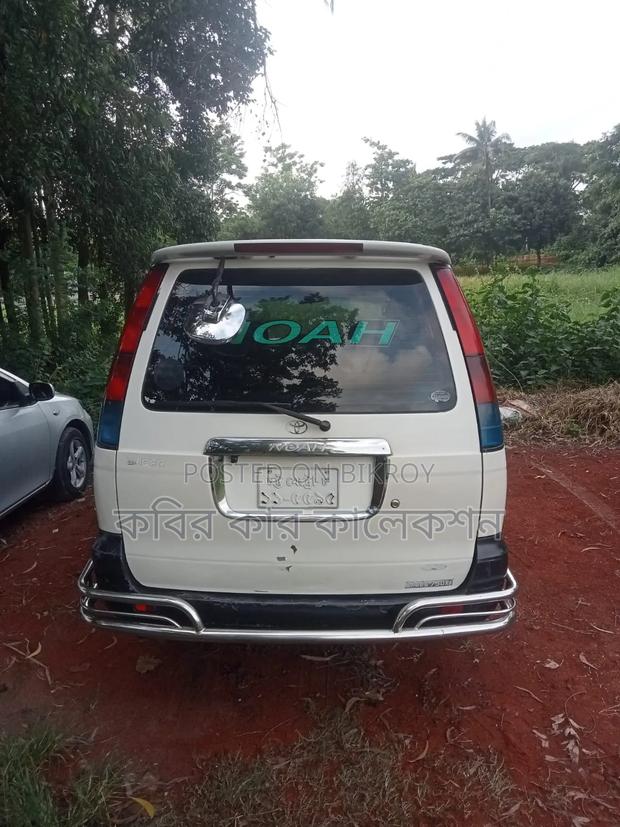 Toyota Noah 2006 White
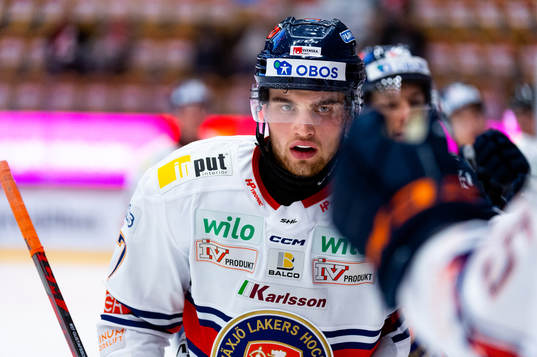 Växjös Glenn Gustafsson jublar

#####

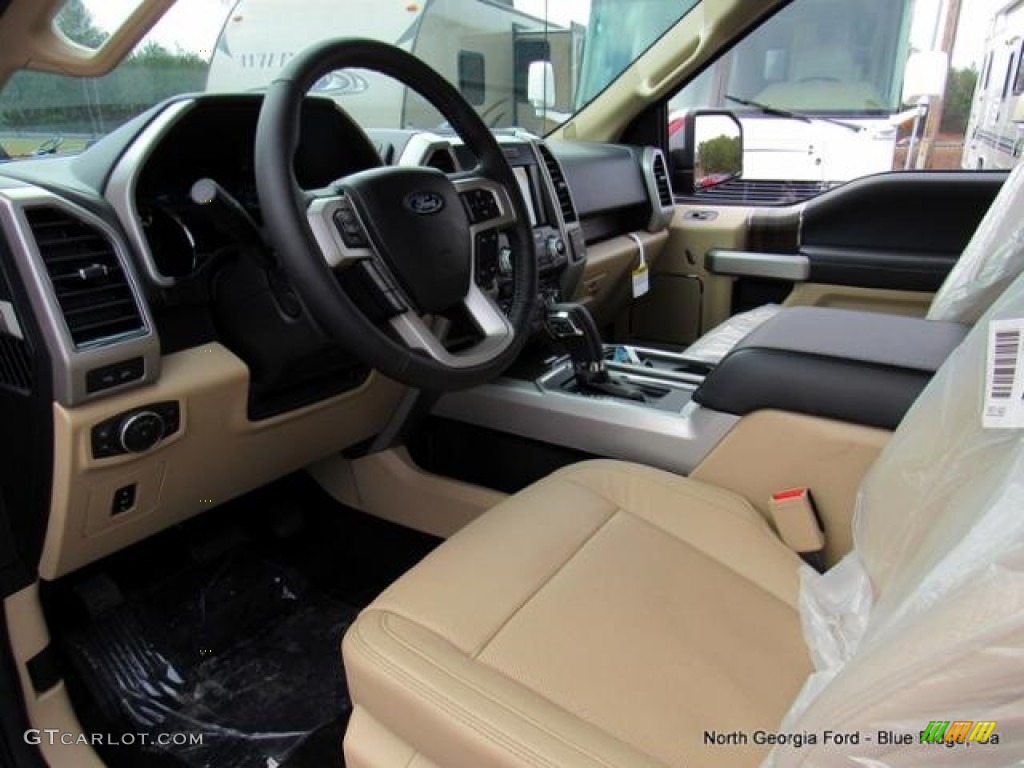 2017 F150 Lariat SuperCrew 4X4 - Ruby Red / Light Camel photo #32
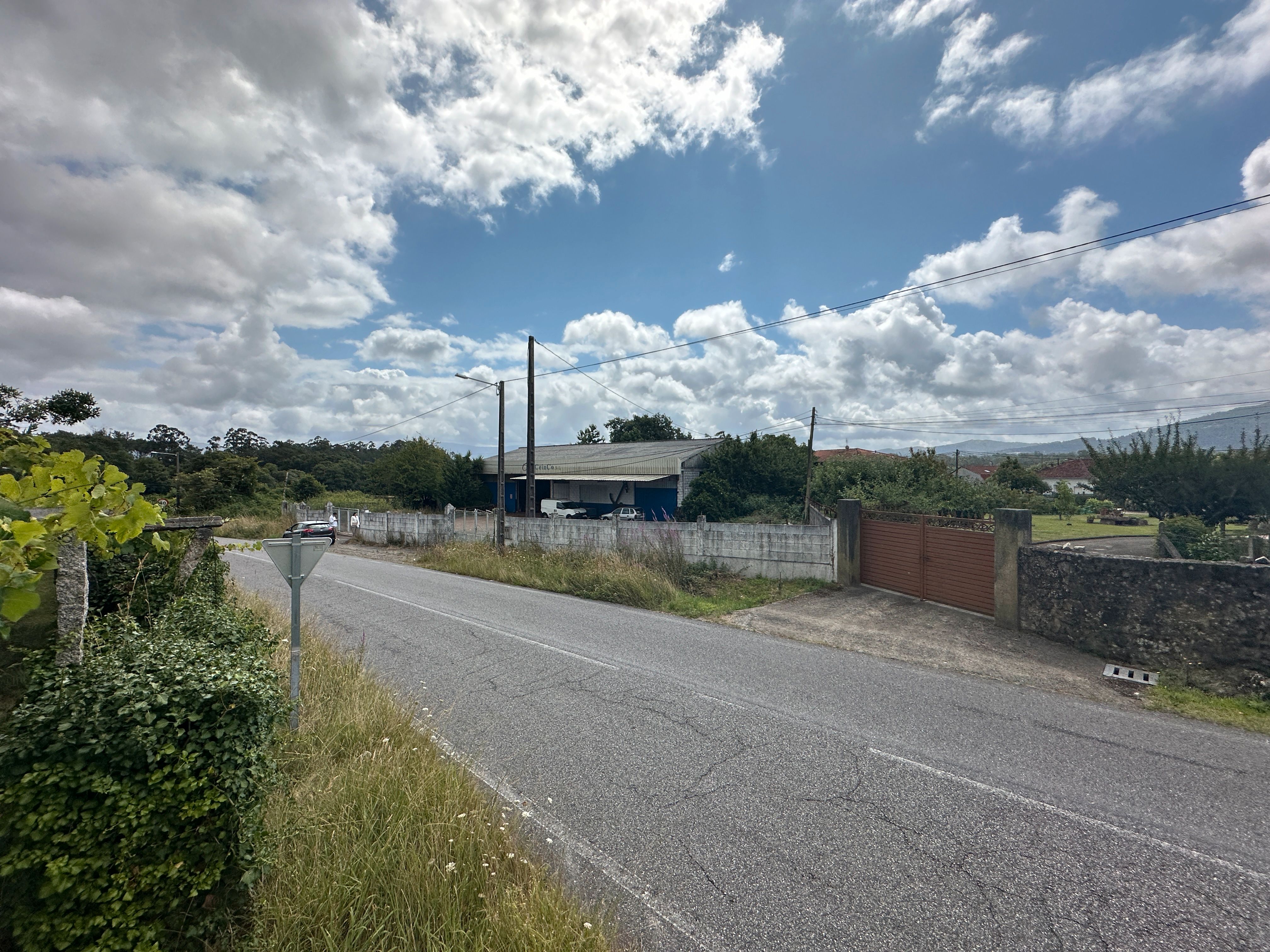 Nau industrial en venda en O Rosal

#####

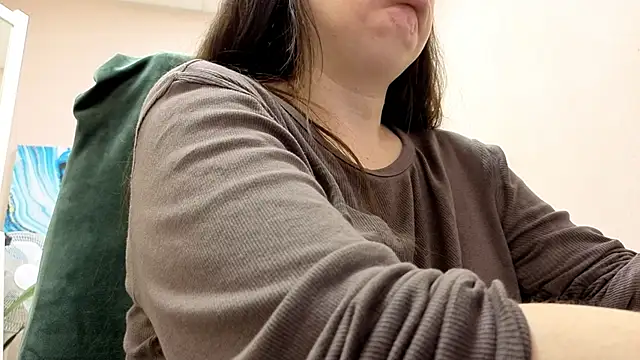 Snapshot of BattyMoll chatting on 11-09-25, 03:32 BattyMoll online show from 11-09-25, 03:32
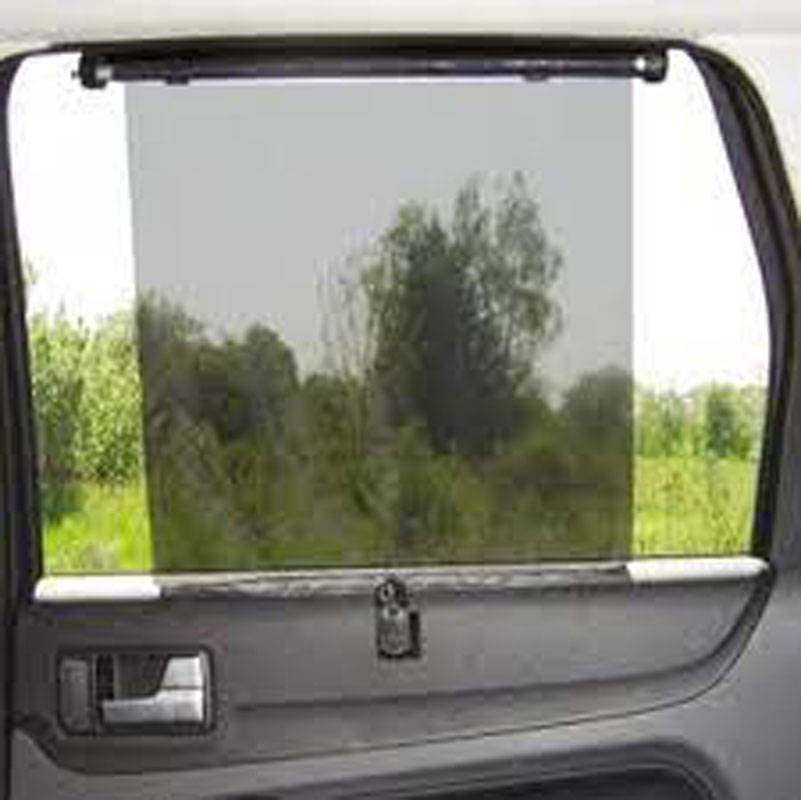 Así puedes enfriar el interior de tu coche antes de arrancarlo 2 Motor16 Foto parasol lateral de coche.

#####

## How to complete this task:
Your reply should consist solely of the lines above from the line containing "2017 F150 Lariat" up to and including the line containing "Nau industrial en venda en O Rosal", reproduced exactly, minus the pictures.

## Response area:
 2017 F150 Lariat SuperCrew 4X4 - Ruby Red / Light Camel photo #32
 Nau industrial en venda en O Rosal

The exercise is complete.